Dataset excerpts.
——

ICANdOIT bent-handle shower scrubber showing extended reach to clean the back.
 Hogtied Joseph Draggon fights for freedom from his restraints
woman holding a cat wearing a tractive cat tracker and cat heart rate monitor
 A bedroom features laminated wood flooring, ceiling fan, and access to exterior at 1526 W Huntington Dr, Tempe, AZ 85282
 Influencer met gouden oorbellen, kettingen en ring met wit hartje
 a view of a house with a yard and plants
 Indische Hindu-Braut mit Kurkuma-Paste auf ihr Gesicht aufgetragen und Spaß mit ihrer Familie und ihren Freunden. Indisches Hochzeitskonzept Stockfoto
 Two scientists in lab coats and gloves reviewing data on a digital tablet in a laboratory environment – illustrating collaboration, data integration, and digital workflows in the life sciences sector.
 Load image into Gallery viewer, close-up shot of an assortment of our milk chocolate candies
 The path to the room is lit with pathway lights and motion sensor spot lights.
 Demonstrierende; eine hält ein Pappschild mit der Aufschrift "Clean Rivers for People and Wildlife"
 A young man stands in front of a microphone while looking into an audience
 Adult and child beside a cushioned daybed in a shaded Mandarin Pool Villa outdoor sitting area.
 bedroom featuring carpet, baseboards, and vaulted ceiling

——

Task directions. Retype the records above exactly as they appear.

Task answer.
ICANdOIT bent-handle shower scrubber showing extended reach to clean the back.
 Hogtied Joseph Draggon fights for freedom from his restraints
woman holding a cat wearing a tractive cat tracker and cat heart rate monitor
 A bedroom features laminated wood flooring, ceiling fan, and access to exterior at 1526 W Huntington Dr, Tempe, AZ 85282
 Influencer met gouden oorbellen, kettingen en ring met wit hartje
 a view of a house with a yard and plants
 Indische Hindu-Braut mit Kurkuma-Paste auf ihr Gesicht aufgetragen und Spaß mit ihrer Familie und ihren Freunden. Indisches Hochzeitskonzept Stockfoto
 Two scientists in lab coats and gloves reviewing data on a digital tablet in a laboratory environment – illustrating collaboration, data integration, and digital workflows in the life sciences sector.
 Load image into Gallery viewer, close-up shot of an assortment of our milk chocolate candies
 The path to the room is lit with pathway lights and motion sensor spot lights.
 Demonstrierende; eine hält ein Pappschild mit der Aufschrift "Clean Rivers for People and Wildlife"
 A young man stands in front of a microphone while looking into an audience
 Adult and child beside a cushioned daybed in a shaded Mandarin Pool Villa outdoor sitting area.
 bedroom featuring carpet, baseboards, and vaulted ceiling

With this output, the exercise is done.